What is expected:
Each line from the one containing "Apartamento en Dubai" to the end of the material below is to be restated exactly, with pictures skipped.

Information provided:
"""
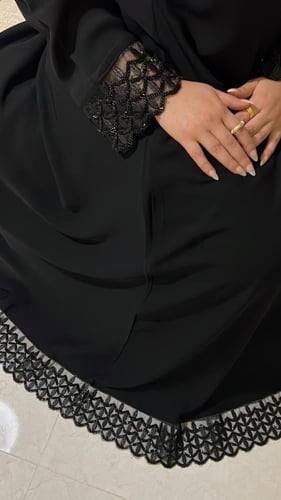 عبايه جميله + طرحه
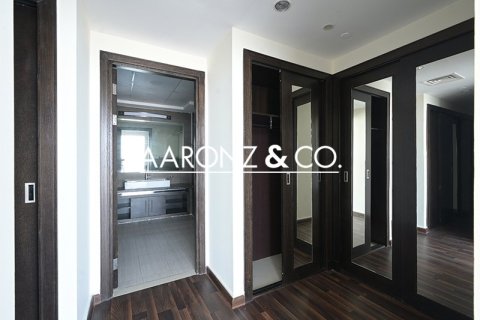 Apartamento en Dubai Marina, Dubai, 4 dormitorios, 524.4 m², № 78321 - foto 18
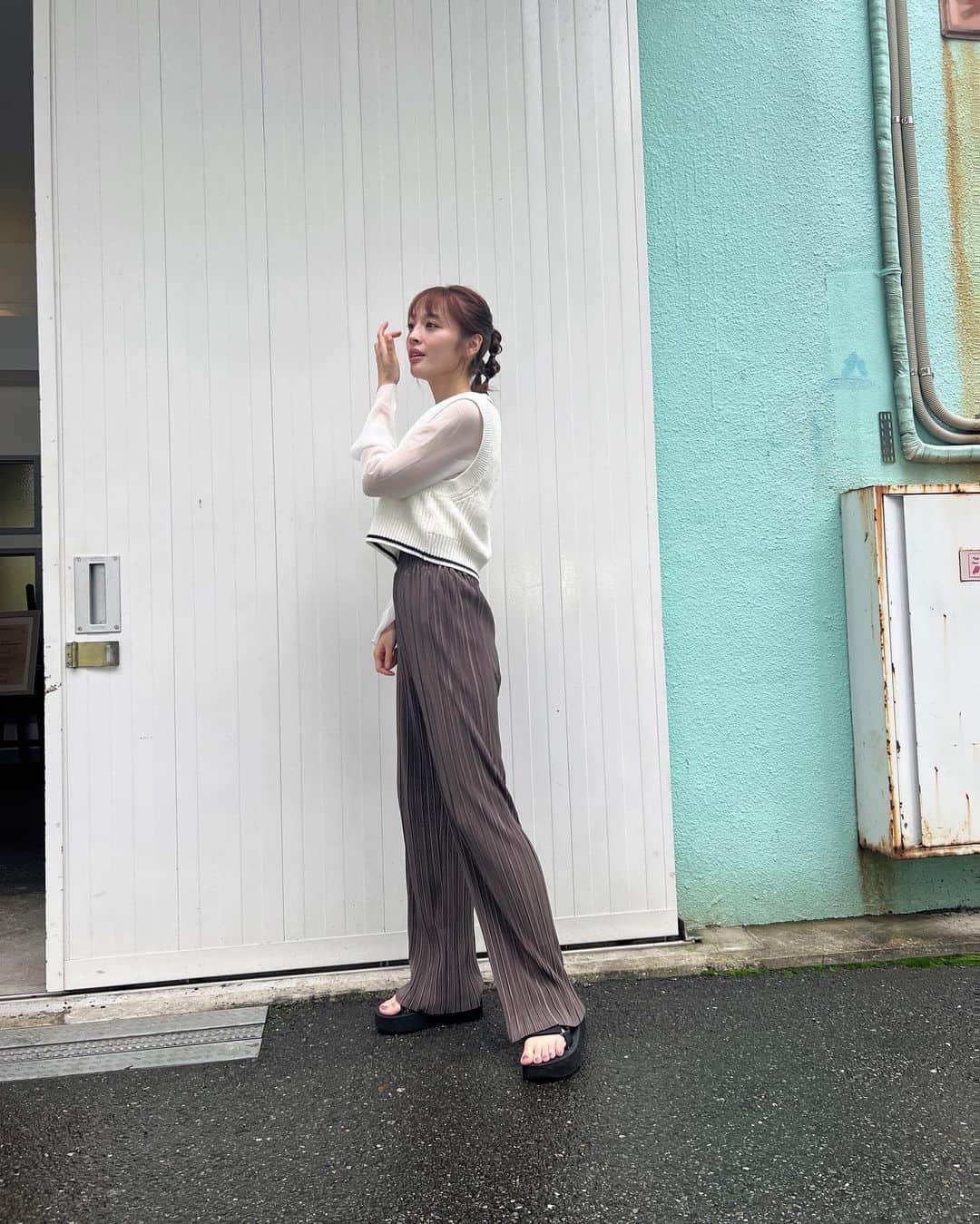 神部美咲さんのインスタグラム写真 - (神部美咲Instagram)「ジメジメしてる🥺☔️」6月12日 20時38分 - jimbu_misaki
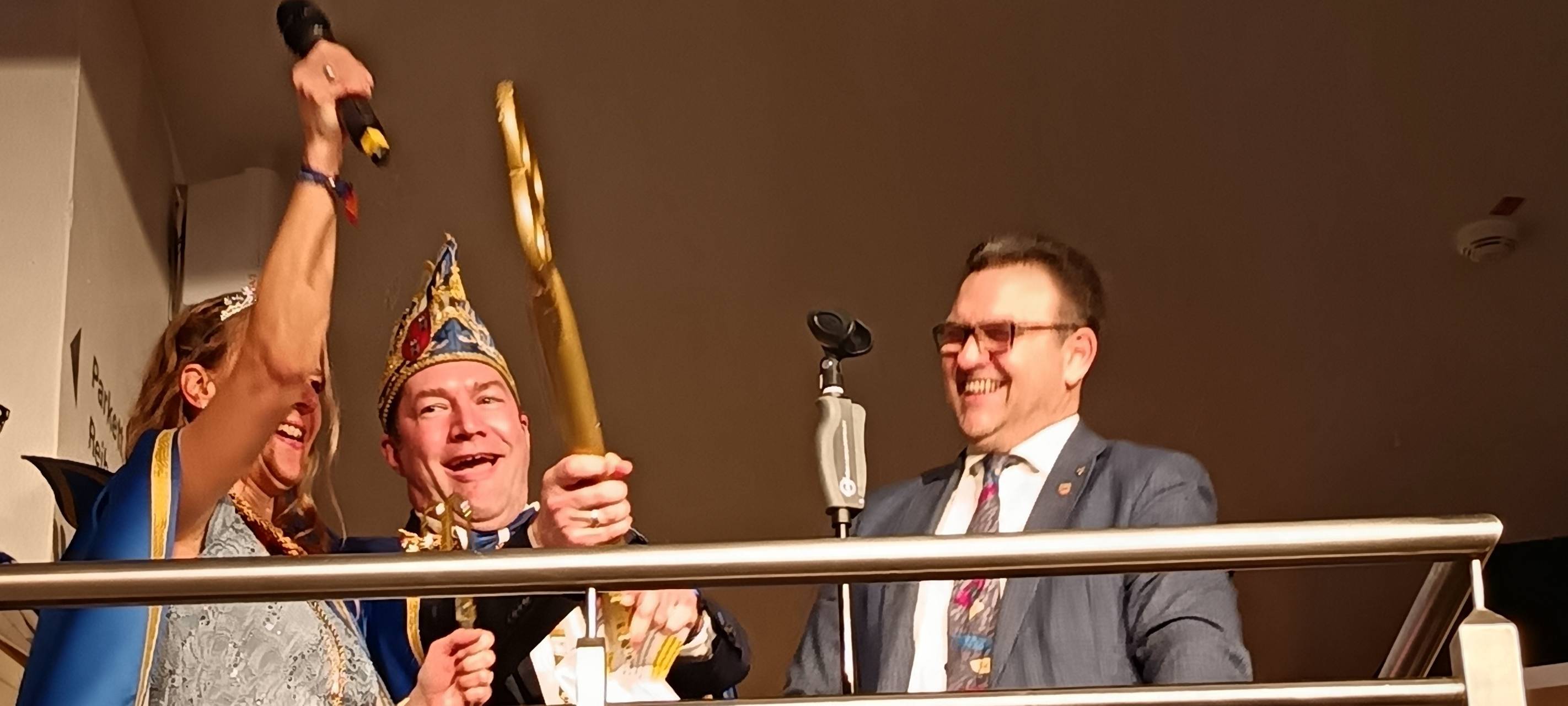 Iserlohn: Hennener Karnevalisten stürmen Parktheater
"""
Solution to the exercise:
 Apartamento en Dubai Marina, Dubai, 4 dormitorios, 524.4 m², № 78321 - foto 18
 神部美咲さんのインスタグラム写真 - (神部美咲Instagram)「ジメジメしてる🥺☔️」6月12日 20時38分 - jimbu_misaki
 Iserlohn: Hennener Karnevalisten stürmen Parktheater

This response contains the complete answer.